# Need help with removing paint



## Vish (Sep 3, 2010)

Hi!

I got two HO carriages from a charity shop close to home. One of them (Hornby) has a pretty bad paint job. I bought it in hope that I can get the yellow paint off. 










Now, i'm new to this and need you guys to share your wisdom..How take the paint off and give it a normal life again?


----------



## tjcruiser (Jan 10, 2010)

Vish,

Do you plan to disassemble it first? I.e., remove frame, trucks, shell, etc.?

What's the shell made out of ... plastic? metal?

If metal (and if you can isolate the shell), a spray-bath in a bag (or throw-away tin tray) of Easy Off oven cleaner left to soak for a few hours should strip the paint. Then, a buff with a Dremel wire brush wheel. Primer. Paint.

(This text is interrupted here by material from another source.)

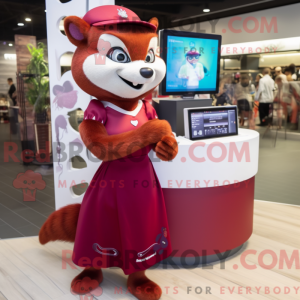 Maroon Weasel maskot...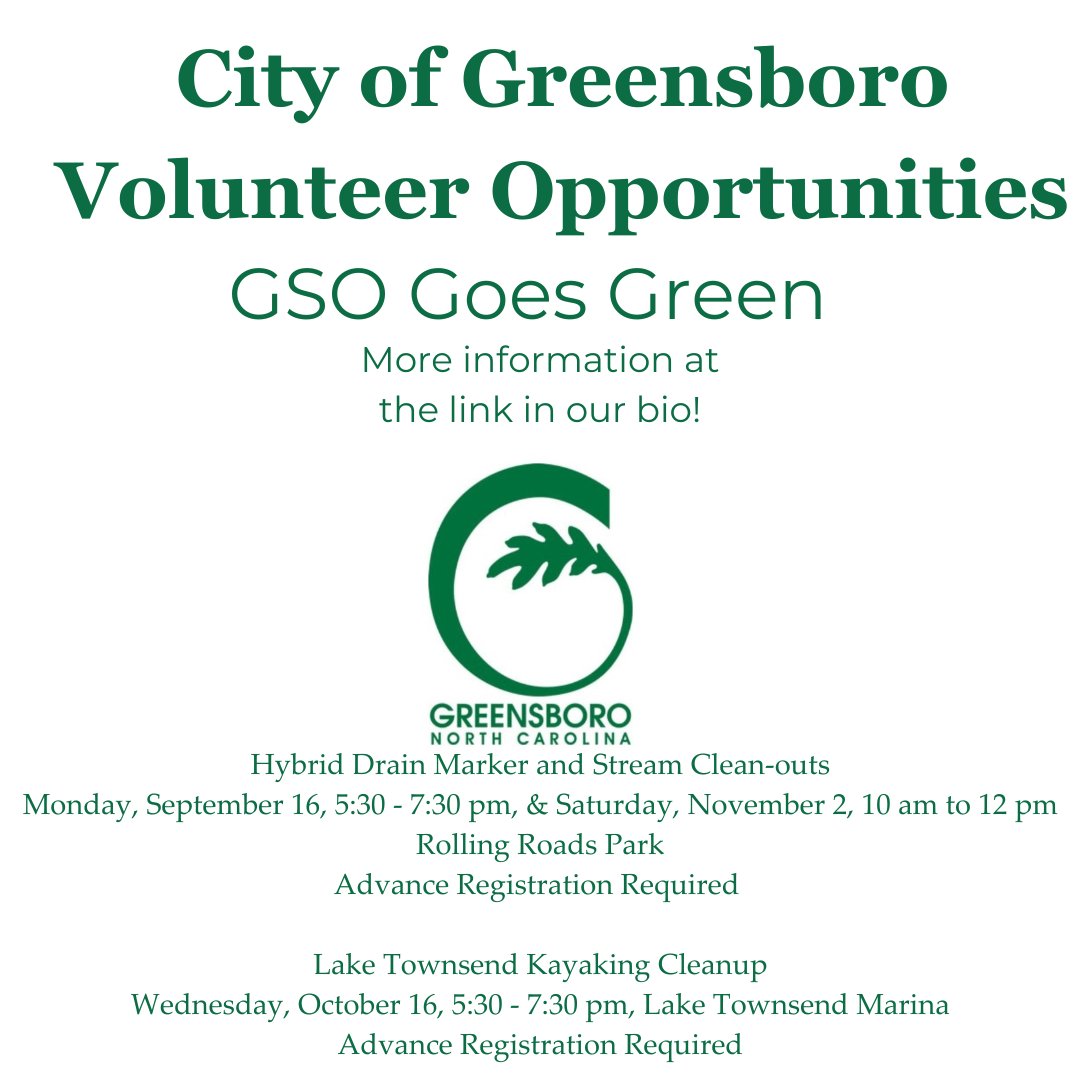The City of Greensboro is offering clean-ups through GSO Goes Green! Volunteer sign-up and more information are at the link in our bio! #GSOGoesGreen #CityofGreensboro #Volunteer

If plastic, I'll defer to others here ... some guys use brake fluid (???) or brake cleaner (???). But again, be careful with plastic. See:

http://www.modeltrainforum.com/showthread.php?t=2230

and

http://www.modeltrainforum.com/showthread.php?t=3732

Cheers,

TJ


----------



## Vish (Sep 3, 2010)

Thanks TJ.. Sorry I didn't mention details of the model. It's made of plastic. I can disassemble it to get the frame alone. The base (plastic color) is red over which the yellow strip has been painted. I want the yellow to be removed. I was wondering if I can use some thinner and rub it off. I'm not sure if that will work though..


----------



## MacDaddy55 (Aug 19, 2008)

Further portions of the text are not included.